I had strange dreams last night; and I need to make a couple calls to check on a couple friends to make sure their families are alright. Don't worry, I'm not gonna dial anybody up and say, "I had this dream that you..." Nuh-uh, that's not cool. I already worry about what a shitty friend I am 'cause the voicemail picked up when he called to tell me his Mom had died -- I'm not even bringin' anything like that up; I'll just call to say "Hey" and check in.
What really got me was that I woke up all panic-y after that -- I should know that I'm likely to believe the crap of my nightmares; after all, I'm that chick who nearly pis$ed the bed at twenty-something becuase I'd dreamed that an old friend of mine was dead in my bathtub. It took me about an hour to wake myself up enough to realize it was a dream, just go pee already. Shhh, don't tell anybody, but hey, I'll believe almost anything ya say to me when I'm half-asleep; so apparently I'll also believe anything my dreaming mind tells me too. Oh yeah, I should get in touch with her too...

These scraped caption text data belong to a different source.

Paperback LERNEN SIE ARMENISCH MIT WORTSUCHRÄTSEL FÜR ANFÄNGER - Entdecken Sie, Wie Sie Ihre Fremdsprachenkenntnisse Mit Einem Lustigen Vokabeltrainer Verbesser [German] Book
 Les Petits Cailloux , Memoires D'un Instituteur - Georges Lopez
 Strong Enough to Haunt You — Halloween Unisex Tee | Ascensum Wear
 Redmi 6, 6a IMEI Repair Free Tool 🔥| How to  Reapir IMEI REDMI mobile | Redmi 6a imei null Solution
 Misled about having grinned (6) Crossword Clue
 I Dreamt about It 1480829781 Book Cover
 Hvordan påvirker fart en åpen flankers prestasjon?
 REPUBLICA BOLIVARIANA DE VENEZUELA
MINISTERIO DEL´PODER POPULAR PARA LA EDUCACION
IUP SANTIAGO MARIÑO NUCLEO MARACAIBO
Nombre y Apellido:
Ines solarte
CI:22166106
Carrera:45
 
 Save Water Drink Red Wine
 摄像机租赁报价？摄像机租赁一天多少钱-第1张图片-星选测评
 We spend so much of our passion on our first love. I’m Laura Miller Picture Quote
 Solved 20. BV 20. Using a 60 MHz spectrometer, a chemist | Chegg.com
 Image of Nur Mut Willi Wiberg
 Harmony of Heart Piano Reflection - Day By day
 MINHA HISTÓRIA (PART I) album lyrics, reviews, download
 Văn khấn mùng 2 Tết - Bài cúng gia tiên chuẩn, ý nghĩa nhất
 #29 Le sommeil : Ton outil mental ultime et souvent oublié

Fighting off the panic-ish feeling for what seemed like forever ('cause that's how it is, it feels like forever when I'm in the middle of it), I was in the can fighting off Taco-Bell's-Revenge (probably part of what woke me up to begin with) when my alarm went off. I really thought I'd made one of those "healthier choices" gettin' 'Bell instead of McD's, but apparently not. When I ordered my Chicken Quesadilla & Cheese Nachos, I really thought I was doin' better than the bag of fried garbage I'd usually get at a burger joint. Not so. Seven dollars and forty two cents for a dinner that gave me the shits -- I could've ate cheaper and not got sick if I'd got Clown Chow instead; but oh well. Eating it at 8:30 might not have been a good idea either, but anyway...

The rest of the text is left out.